Note - Shipbuilding was a major industry Portaferry  in the 1800s. The main shipbuilders were the Conways, the McCleerys and Thomas Gelston. Between 1812 and 1822 over thirty vessels were built in Portaferry, a third of them by Thomas Gelston in his shipyard close by the castle.

Derry Journal 15 June 1830

Died at Ballynagard on the 5th inst Catherine Duffy aged 110 years - she retained her faculties until a few months before her death. She spent the greater part of her life in the service of the Hart family.

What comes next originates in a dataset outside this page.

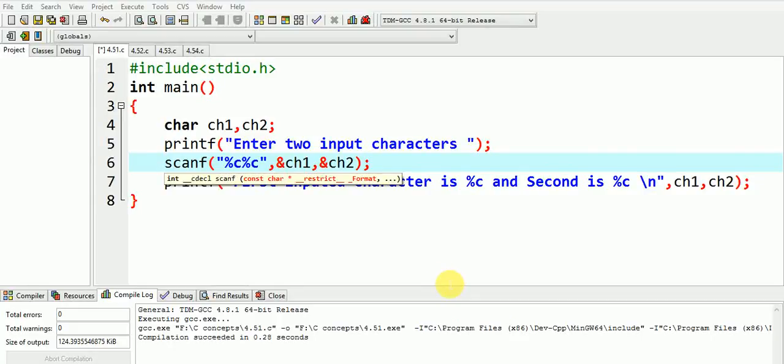Hello friends, in the last video we saw various applications of printf. So just like printf, scanf also has interesting issues as well as uses. We will explore various uses of scanf in this video.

Catherine Duffy had a putative lifespan c1720-1830 but there was no way of verifying her age in the absence of birth registration, which only began in Ireland in 1864. It is reported that she was a servant of the Hart family - the main family seat was at Kilderry at Muff. The Harts had another house and demesne in Ballynagard, Co Derry (Ballynagard is 1.6 miles from Muff). Presumably, Catherine Duffy worked under Lt-Gen George Vaughan Hart (M.P) who was born 1752 and died 1832 in Creeslough, Co Donegal (buried in Muff churchyard - Tablet in Muff Church - Gov of Culmore and Londonderry, son of Rev Edward Hart, rector of Desertegny, 1765-1793, and Elizabeth Ramsay).